Single by Status Quo

from the album Just Supposin'
- Released: 20 November 1981
- Genre: Rock; pop;
- Length: 4:04
- Label: Vertigo
- Songwriter: Rossi/Frost
- Producers: Status Quo and John Eden

Status Quo singles chronology
| "Something 'Bout You Baby I Like" (1981) | "Rock 'n' Roll" (1981) | "Dear John" (1982) |

= Rock 'n' Roll (Status Quo song) =

1981 single by Status Quo

"Rock 'n' Roll" is a single released by the British rock band Status Quo in 1981. It was included on the album Just Supposin'. It was written in Ireland by Francis Rossi and Bernie Frost during a stay in the country, and was not originally intended to be recorded by Status Quo themselves.

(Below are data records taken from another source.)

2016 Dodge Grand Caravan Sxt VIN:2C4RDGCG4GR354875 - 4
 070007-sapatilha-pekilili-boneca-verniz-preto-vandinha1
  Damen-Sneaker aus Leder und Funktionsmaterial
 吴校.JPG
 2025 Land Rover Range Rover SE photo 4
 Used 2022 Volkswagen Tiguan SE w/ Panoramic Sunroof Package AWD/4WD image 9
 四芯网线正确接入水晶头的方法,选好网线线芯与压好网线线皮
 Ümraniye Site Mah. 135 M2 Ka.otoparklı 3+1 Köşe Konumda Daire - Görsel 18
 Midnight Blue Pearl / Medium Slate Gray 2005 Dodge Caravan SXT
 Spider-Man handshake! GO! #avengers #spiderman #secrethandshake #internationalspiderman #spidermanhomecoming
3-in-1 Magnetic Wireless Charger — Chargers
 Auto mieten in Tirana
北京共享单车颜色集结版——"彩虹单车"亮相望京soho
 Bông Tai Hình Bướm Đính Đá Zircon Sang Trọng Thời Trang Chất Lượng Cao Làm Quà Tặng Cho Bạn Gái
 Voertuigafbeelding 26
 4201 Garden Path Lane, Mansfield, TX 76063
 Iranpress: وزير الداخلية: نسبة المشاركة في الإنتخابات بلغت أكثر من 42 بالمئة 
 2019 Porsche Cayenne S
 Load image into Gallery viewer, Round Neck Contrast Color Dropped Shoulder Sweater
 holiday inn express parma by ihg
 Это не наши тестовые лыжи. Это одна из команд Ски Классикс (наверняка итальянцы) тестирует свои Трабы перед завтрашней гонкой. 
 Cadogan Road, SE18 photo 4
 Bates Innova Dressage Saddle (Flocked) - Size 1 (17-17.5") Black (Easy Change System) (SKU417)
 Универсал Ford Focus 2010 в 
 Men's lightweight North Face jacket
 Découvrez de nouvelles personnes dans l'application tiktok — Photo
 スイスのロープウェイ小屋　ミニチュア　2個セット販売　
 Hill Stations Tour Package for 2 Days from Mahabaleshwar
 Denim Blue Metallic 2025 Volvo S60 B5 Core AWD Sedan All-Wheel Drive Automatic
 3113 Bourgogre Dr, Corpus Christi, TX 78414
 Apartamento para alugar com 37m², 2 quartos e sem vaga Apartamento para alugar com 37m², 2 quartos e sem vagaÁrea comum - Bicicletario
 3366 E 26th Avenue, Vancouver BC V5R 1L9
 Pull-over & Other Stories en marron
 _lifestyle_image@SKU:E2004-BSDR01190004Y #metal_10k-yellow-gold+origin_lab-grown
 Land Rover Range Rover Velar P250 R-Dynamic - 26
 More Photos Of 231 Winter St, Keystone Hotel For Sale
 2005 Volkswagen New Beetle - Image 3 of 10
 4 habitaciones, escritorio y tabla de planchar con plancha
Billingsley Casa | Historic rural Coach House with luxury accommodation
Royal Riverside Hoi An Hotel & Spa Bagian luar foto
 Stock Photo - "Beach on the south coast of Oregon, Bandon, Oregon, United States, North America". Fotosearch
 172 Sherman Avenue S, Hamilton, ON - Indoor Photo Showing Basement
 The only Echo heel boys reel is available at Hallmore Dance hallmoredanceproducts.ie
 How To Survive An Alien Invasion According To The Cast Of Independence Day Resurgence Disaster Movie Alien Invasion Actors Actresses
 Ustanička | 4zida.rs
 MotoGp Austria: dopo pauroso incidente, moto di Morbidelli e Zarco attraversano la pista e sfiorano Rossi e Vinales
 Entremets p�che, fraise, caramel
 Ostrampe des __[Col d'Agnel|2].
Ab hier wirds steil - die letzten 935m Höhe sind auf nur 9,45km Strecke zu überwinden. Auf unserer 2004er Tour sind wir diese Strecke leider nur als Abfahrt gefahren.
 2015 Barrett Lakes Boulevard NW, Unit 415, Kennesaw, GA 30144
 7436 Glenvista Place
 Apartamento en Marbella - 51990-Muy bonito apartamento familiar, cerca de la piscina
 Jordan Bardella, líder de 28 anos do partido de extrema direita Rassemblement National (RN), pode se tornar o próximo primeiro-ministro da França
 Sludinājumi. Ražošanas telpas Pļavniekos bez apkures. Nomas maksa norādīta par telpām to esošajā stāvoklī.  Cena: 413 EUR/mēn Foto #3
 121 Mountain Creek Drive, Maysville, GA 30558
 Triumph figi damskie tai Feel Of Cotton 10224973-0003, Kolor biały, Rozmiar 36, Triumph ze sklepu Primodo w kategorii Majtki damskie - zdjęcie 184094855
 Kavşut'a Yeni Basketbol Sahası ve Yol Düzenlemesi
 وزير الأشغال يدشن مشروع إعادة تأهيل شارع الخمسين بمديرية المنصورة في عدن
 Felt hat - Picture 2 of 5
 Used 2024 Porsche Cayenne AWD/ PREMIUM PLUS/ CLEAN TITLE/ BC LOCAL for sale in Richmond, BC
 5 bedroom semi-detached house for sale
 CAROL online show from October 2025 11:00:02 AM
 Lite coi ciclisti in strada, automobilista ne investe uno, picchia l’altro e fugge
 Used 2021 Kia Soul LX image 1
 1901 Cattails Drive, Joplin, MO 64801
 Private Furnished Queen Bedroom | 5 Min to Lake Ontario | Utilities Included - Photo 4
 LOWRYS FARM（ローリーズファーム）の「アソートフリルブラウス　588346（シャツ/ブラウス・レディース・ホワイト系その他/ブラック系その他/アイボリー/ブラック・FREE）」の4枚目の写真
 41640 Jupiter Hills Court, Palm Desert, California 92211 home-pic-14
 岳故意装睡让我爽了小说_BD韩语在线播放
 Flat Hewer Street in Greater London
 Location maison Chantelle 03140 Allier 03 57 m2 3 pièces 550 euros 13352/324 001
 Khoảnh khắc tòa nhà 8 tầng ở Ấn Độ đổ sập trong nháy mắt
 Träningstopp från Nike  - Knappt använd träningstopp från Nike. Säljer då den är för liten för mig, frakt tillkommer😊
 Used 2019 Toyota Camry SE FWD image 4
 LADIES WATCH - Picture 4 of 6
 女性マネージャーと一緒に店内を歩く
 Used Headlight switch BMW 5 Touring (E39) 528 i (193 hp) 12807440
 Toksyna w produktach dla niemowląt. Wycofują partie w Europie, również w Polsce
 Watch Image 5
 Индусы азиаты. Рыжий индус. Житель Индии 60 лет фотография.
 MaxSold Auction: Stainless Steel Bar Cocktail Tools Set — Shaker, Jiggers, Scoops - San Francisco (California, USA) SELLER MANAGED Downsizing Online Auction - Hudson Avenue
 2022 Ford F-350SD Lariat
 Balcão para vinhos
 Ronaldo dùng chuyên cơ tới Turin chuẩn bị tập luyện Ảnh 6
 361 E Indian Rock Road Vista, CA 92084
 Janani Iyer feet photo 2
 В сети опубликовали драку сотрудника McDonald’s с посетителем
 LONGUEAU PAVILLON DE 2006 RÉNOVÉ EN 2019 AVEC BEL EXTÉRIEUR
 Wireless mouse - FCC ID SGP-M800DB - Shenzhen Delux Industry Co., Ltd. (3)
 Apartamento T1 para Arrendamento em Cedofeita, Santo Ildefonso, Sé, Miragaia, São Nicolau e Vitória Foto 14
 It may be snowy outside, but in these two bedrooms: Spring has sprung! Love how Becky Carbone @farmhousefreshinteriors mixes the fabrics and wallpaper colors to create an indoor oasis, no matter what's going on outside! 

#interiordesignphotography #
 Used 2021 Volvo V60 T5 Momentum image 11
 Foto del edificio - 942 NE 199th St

The song was reprised in 2014 for the band's thirty-first studio album Aquostic – Stripped Bare. It was featured in the ninety-minute launch performance of the album at London's Roundhouse on 22 October, the concert being recorded and broadcast live by BBC Radio 2 as part of their In Concert series.

== Track listing ==
- A "Rock 'n' Roll" (Rossi/Frost) (4.04)
- B1 "Hold You Back" (Rossi/Young/Parfitt) (4.22)
- B2 "Backwater" (Parfitt/Lancaster) (4.21)

==Charts==

| Chart (1981) | Peak position |
|---|---|
| Belgium (Ultratop 50 Flanders) | 33 |
| Ireland (IRMA) | 3 |
| Netherlands (Single Top 100) | 20 |
| UK Singles (OCC) | 8 |

==Certifications==

| Region | Certification | Certified units/sales |
| United Kingdom (BPI) | Silver | 250,000^{^} |
^{^} Shipments figures based on certification alone.